The subject of wedding meals and the government’s ban on them has received a lot of attention in the past few years. In order to assess the effectiveness of these restrictions and their consequent impact on the expenses of the people, Gallup Pakistan conducted a comprehensive survey in 2006 on the subject. It was during this time that the government was trying to enforce the ban more strictly.
In response to the question, ‘Do you favor or oppose the idea of making wedding meals one-dish?’, 68% of the respondents claimed that they were in favor of such a directive and hence 32% were against the idea of making wedding meals a one-dish affair.
When faced with the question, ‘The ban on serving meals on weddings is being enforced more strictly these days. Do you support or oppose this ban?’, 58% of the people extended their support while 42% asserted that they were against these restrictions.

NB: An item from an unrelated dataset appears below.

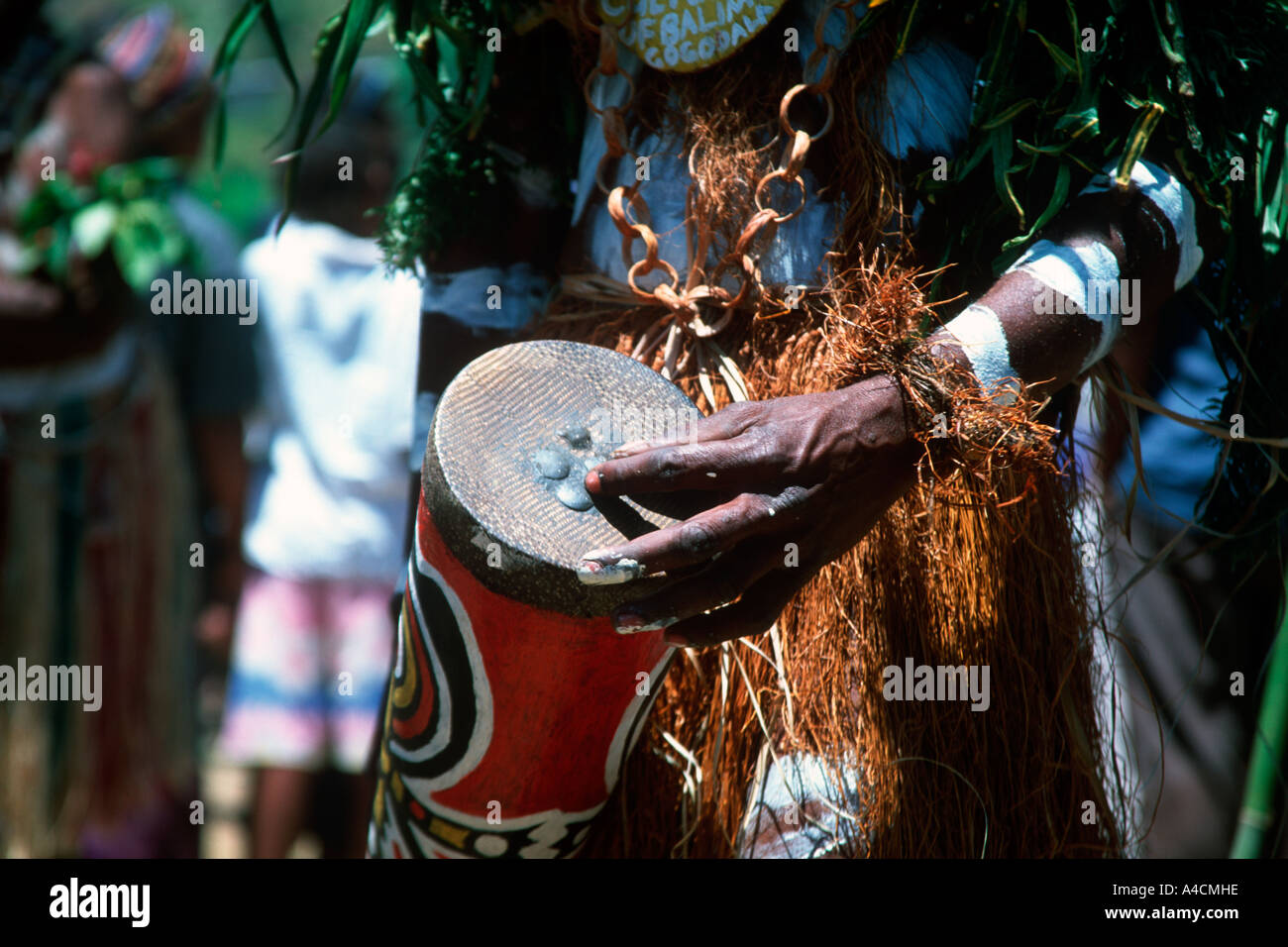 Hiri Moale Gogooala Festival tribesman dans la peinture de la guerre à partir de la sierra méridionale effectue des danses traditionnelles et joue du bongo Banque D'Images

At the same time, however, only 12% were of the view that the prohibition was being enforced strictly, 54% were of the opinion that it was being enforced somewhat and 34% stated that it was not being implemented at all.
47% of the people also believed that the ban on wedding meals had reduced the average expenditure on weddings, 17% were of the view that the expenses on weddings had only increased and 35% felt that there had been no change. When asked about the specific wedding functions in which meals should be served, 33% said that meals should be allowed on mehndis, 65% favored the serving of food on barats and 73% wanted the government to lift the ban on serving complete meals on valimas.
These figures suggest that most of the people are in favor of this ban. This restriction, if enforced properly, could make life easier for a lot of people and decrease the average expenditure on weddings. Unfortunately, however, the government seems to have been unsuccessful in implementing this law more strictly. Some people seem to have found ways to work around it, such as serving very heavy teas and wholesome snacks, negating the principle behind this decree and completely nullifying whatever minor impact it was having on the society.
These surveys and polls were conducted by Gallup Pakistan, an affiliate of Gallup International, on a sample of over 1100 respondents in urban areas of all four provinces of Pakistan. This sample was statistically selected across all ages, income groups and educational levels. The error for a sample of this kind is estimated to be +/- 5% at a 95% confidence level.